Record Store Day Favorite: Jazz Dispensary

So Record Store Day 2016 has come and gone. And after celebrating one of the coolest days for vinylphiles (and subsequently recovering), I think I have to say, without a doubt, one of my favorite releases was The Jazz Dispensary box set. The four LP boxset (all set on colored vinyl) boasts a cosmic journey through up-tempo jazz and bebop. These boasts couldn’t be more humble. From start to finish, The Jazz Dispensary is a compilation of legendary proportions. With a box to match its contents, this four LP set is the full package.

The Jazz Dispensary, despite its length, wastes no time getting to the faux-meat of the matter. Beginning with Rusty Bryant’s “Fire Eater,” the compilation sets the bar high for the rest of the tracks. Bryant’s track patches together Hammond whirls and sizzling sax lines over big drums to create the sonic texture of what a night in the 18th and Vine district might sound like.

And the rest of the first LP keeps this energy. Ending on Billy Hawkins’ “O’ Baby (I Believe I’m Losing You),” the compilation begs its listener to keep going down the jazzy rabbit hole. The song straddles the line between soul, funk, and jazz–a feat that surpasses the draw of each of those genres.
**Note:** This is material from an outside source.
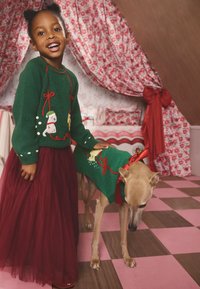 Pull en tricot vert avec des motifs de bonhomme de neige et de renne ainsi que des nœuds rouges, associé à une jupe en tulle bordeaux ; un chien porte une tenue assortie.
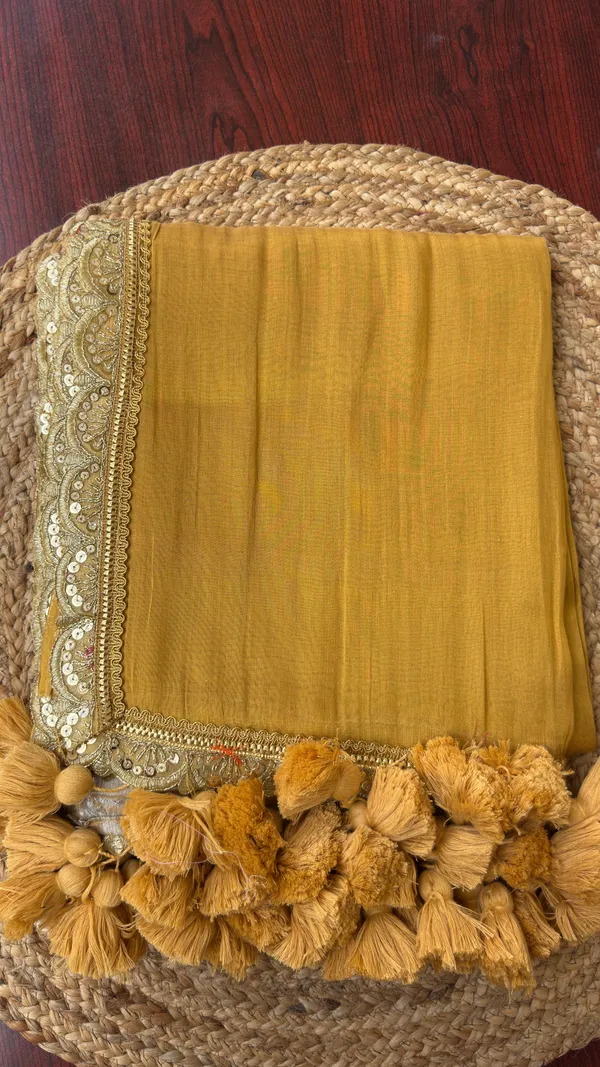 Raga_Gold_color_with_Gold_Lace_and_big_Tassels_Mul_Tissue_Saree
And that genre tension (or more accurately genre-less tension) gives The Jazz Dispensary box set its power. Each track is funk-saturated. Each track is jazzed out and wooly. Because there’s such quality to every song in the compilation, it’s hard to tease just one out as exemplary. That said, I’ve found myself returning to The Blackbyrds’ “Rock Creek Park.” The song has the quality that cannot be rendered into language. Funk and falsetto blend perfectly in this cosmic slop of a song.

The Jazz Dispensary is a tour de force through some of the best cuts of soul-jazz. Soaked in horns and bass grooves, sprinkled with vocals and shimmering guitars, the four LP box set is a must have for jazz aficionados and acolytes alike. From straight bebop to funky slow jams, the compilation gives a wide representation of several overlapping genres.

And perhaps that’s another key to the compilations power–how it uses overlapping genres to transition between soul, funk, jazz, and the myriad of hybrids. The Jazz Dispensary is a gnarled journey through some big cuts. And it ends on Johnny Lytle’s “Tawhid”–fitting for the compilation. The song combines vibraphone with fuzzy bass and steady, cymbal-heavy drums to create a sound as coiled as the compilation itself.

As soulful as it is psychedelic, The Jazz Dispensary box set is hands down my favorite release of Record Store Day 2016. If this isn’t in your collection, you should sit yourself down and ask why the hell not.